Streams
Processes use streams for all of their I/O operations. A stream is a sequence of bytes. The bytes can represent any kind of data, for example, text, images, video, audio. In introductory programming courses, streams are associated with files. A program reads or writes a stream of data from a file on a storage device. But we will see that streams are much more versatile. We will show how programs can read or write streams of data from other programs. In other words, we will see that streams can be used to implement Inter-process Communication.
- https://en.wikipedia.org/wiki/Stream_(computing)
- https://docs.oracle.com/en/java/javase/21/docs/api/java.base/java/io/package-summary.html
Here are references to several online book chapters that review using streams, mostly for file I/O.
- Chapter 11: Files and Streams (PDF) from Java Java Java
- Chapter 2, Input and Output from Core Java, Volume II--Advanced Features, 11th Edition
- Section 11.1, I/O Streams (PDF) (Source code)
- Chapter 7, Input/Output from Java Language Features
- Chapter 11, Saving and Loading Information (code)from Carleton University
- Chapter 6, Streams and File/Device I/O (code) from Carleton University
- I/O Streams from the Java Tutorials
NOTE: The Java language now has two very different kinds of object that
are called "streams". There are the traditional I/O streams that we introduce
in this document. In addition, starting in Java 8, Java defined a Stream
class that is an implementation of the Stream abstract data type, an idea that
comes from functional programming languages. The new Stream class is not for
doing I/O. The new Stream class provides a modern way to process data
structures from the Java Collections Framework.
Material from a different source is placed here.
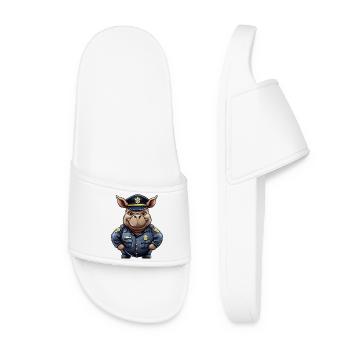 Hippopotamus Policeman - Women’s Pool Sliders - white - Front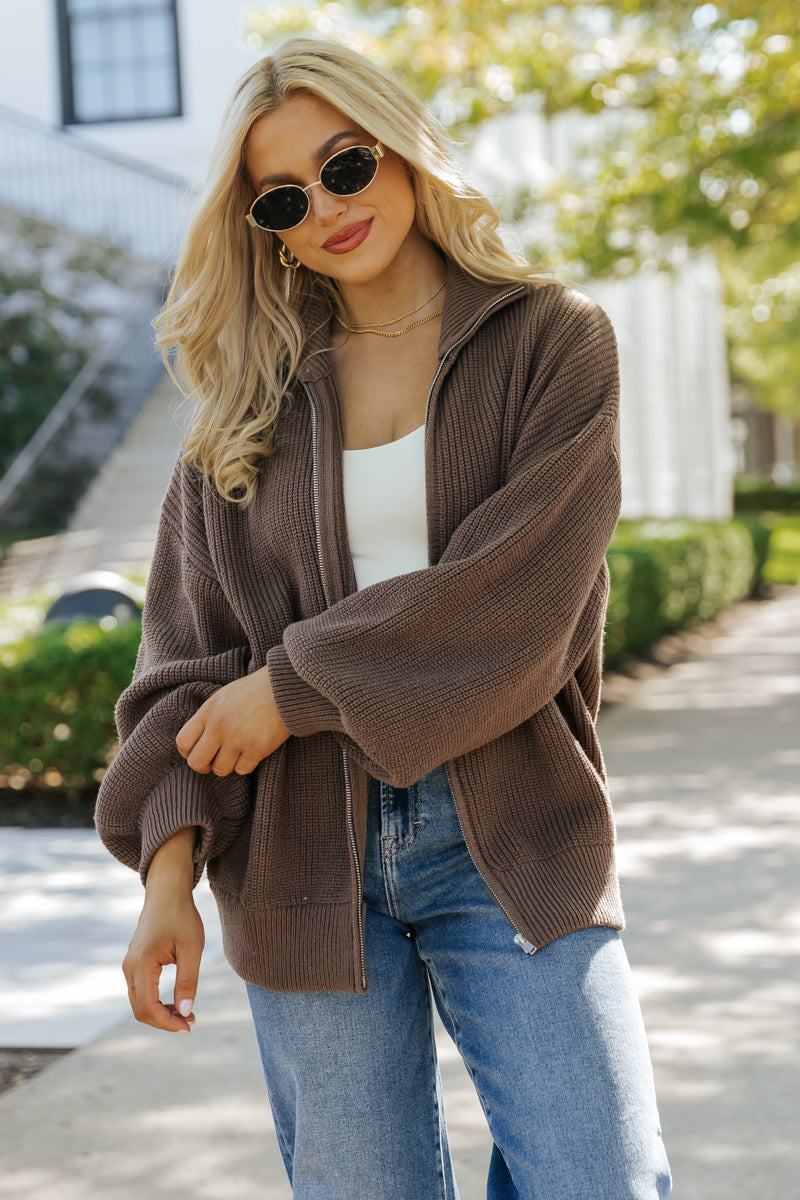 Mocha Zip Up Sweater Jacket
- https://docs.oracle.com/en/java/javase/21/docs/api/java.base/java/util/stream/package-summary.html
- https://docs.oracle.com/en/java/javase/21/docs/api/java.base/java/io/package-summary.html
Here are the basic "stream" classes in Java. You can see that the
java.util.stream.Stream class is nothing like the java.io.InputStream
or java.io.OutputStream classes.
- https://docs.oracle.com/en/java/javase/21/docs/api/java.base/java/io/InputStream.html
- https://docs.oracle.com/en/java/javase/21/docs/api/java.base/java/io/OutputStream.html
- https://docs.oracle.com/en/java/javase/21/docs/api/java.base/java/util/stream/Stream.html
The Stream abstract data type is becoming an important part of modern programming languages. It plays a big part in modern Java.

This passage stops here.